**Task brief:**
Below are records; print only the lines from the line containing "ローベルジュ　B　　刈谷市の賃貸ならクラスホーム刈谷店の収納" to the end, both included, reproduced exactly and without the pictures.

**Extracted entries:**
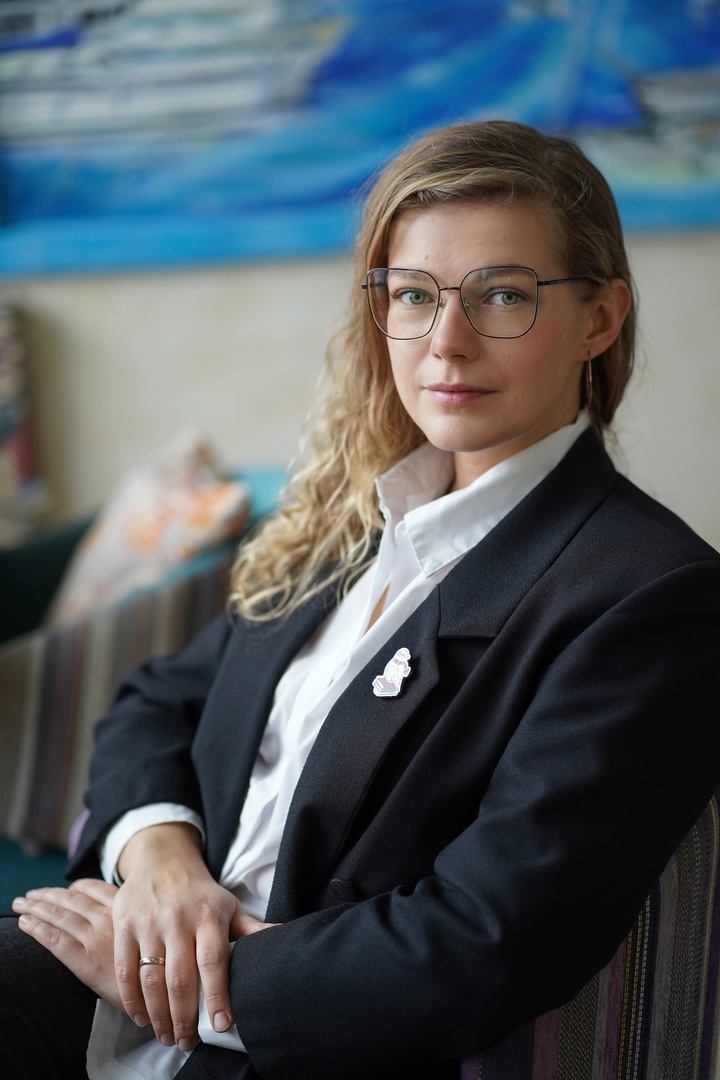 Сила – путь к расслаблению Елена Ильина, студентка Открытого Международного Йога Университета.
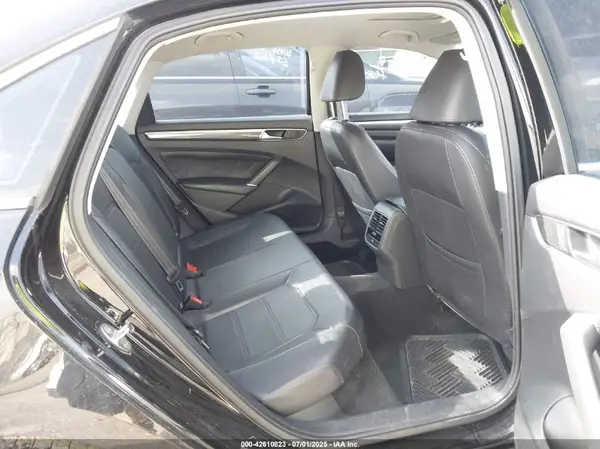 1VWBS7A37GC016528 2016 VOLKSWAGEN PASSAT - Image 8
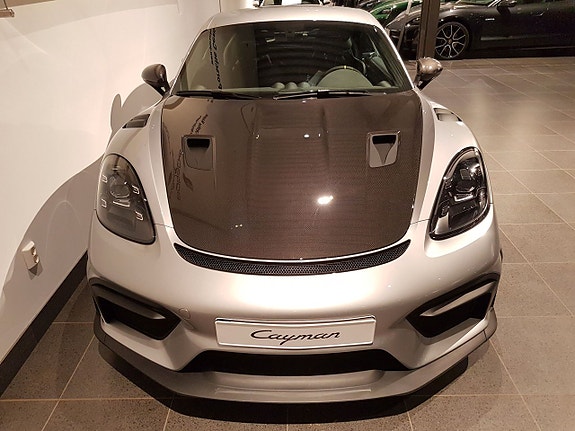 Porsche 718 Cayman GT4 RS 3 of 5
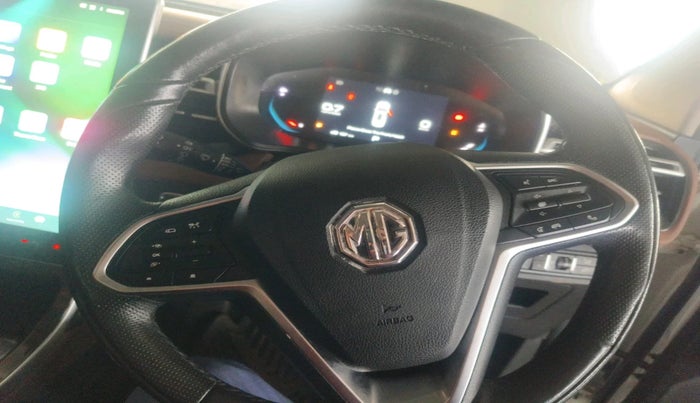 2023 MG HECTOR PLUS SAVVY PRO 1.5 TURBO CVT 7 STR, Petrol, Automatic, 18,108 km, interior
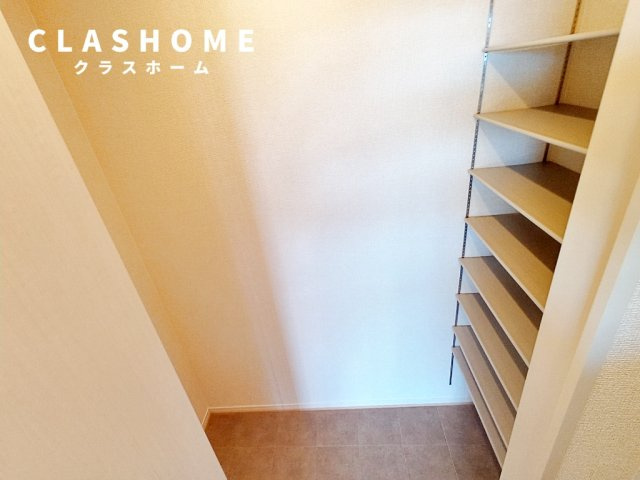 ローベルジュ　B　　刈谷市の賃貸ならクラスホーム刈谷店の収納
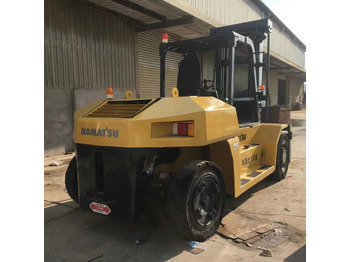 Carretilla elevadora diésel KOMATSU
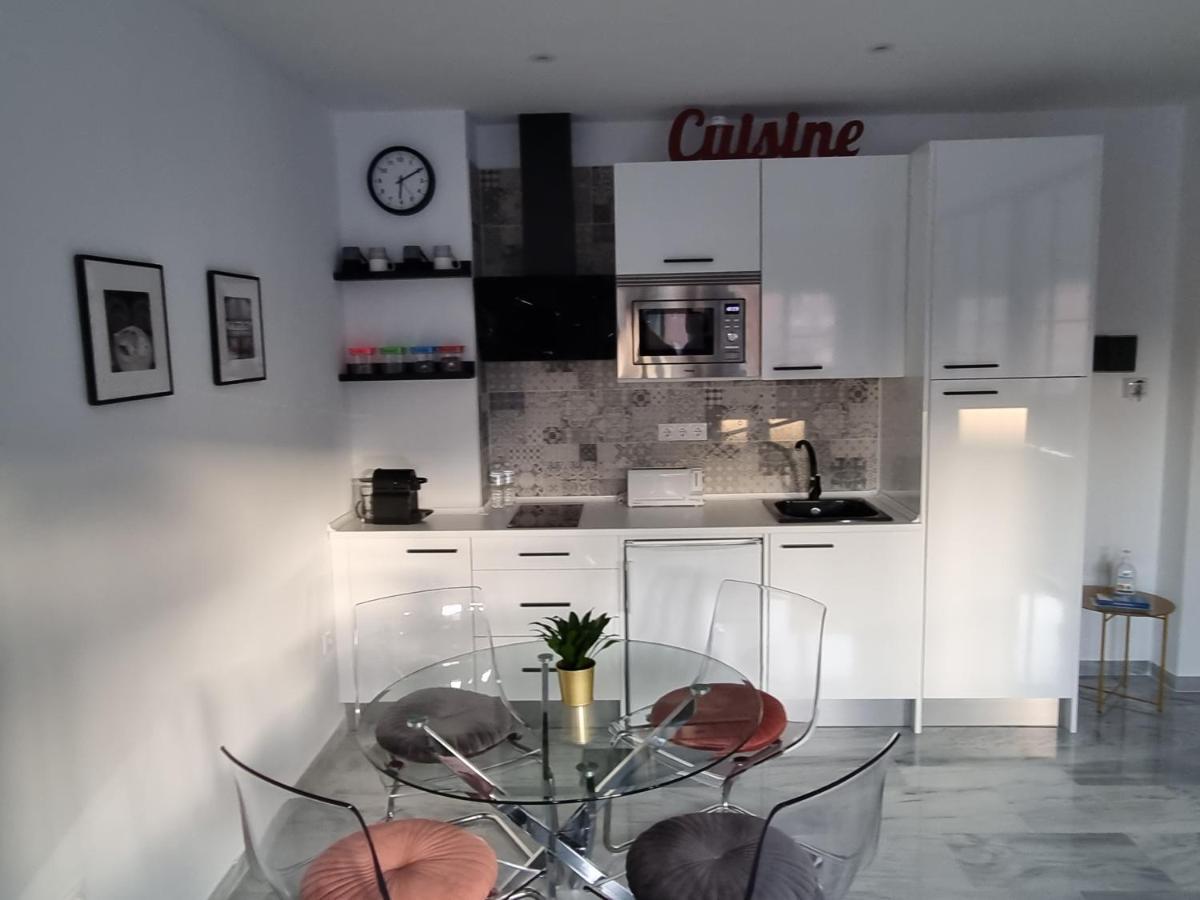 Atocha 3 Apartment Malaga Luaran gambar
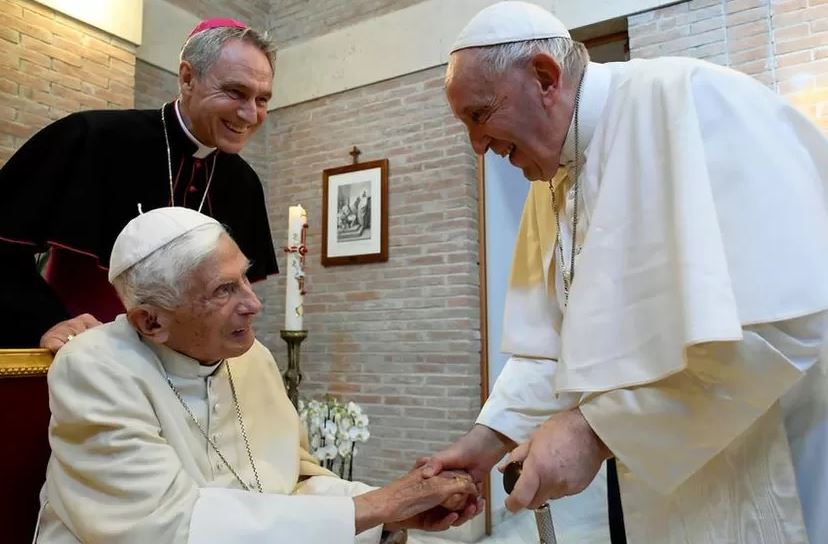 Ish-Papa Benedikti i sëmurë, Vatikani: Aktualisht paraqitet në gjendje të stabilizuar shëndetësore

**Finished task:**
 ローベルジュ　B　　刈谷市の賃貸ならクラスホーム刈谷店の収納
 Carretilla elevadora diésel KOMATSU
 Atocha 3 Apartment Malaga Luaran gambar
 Ish-Papa Benedikti i sëmurë, Vatikani: Aktualisht paraqitet në gjendje të stabilizuar shëndetësore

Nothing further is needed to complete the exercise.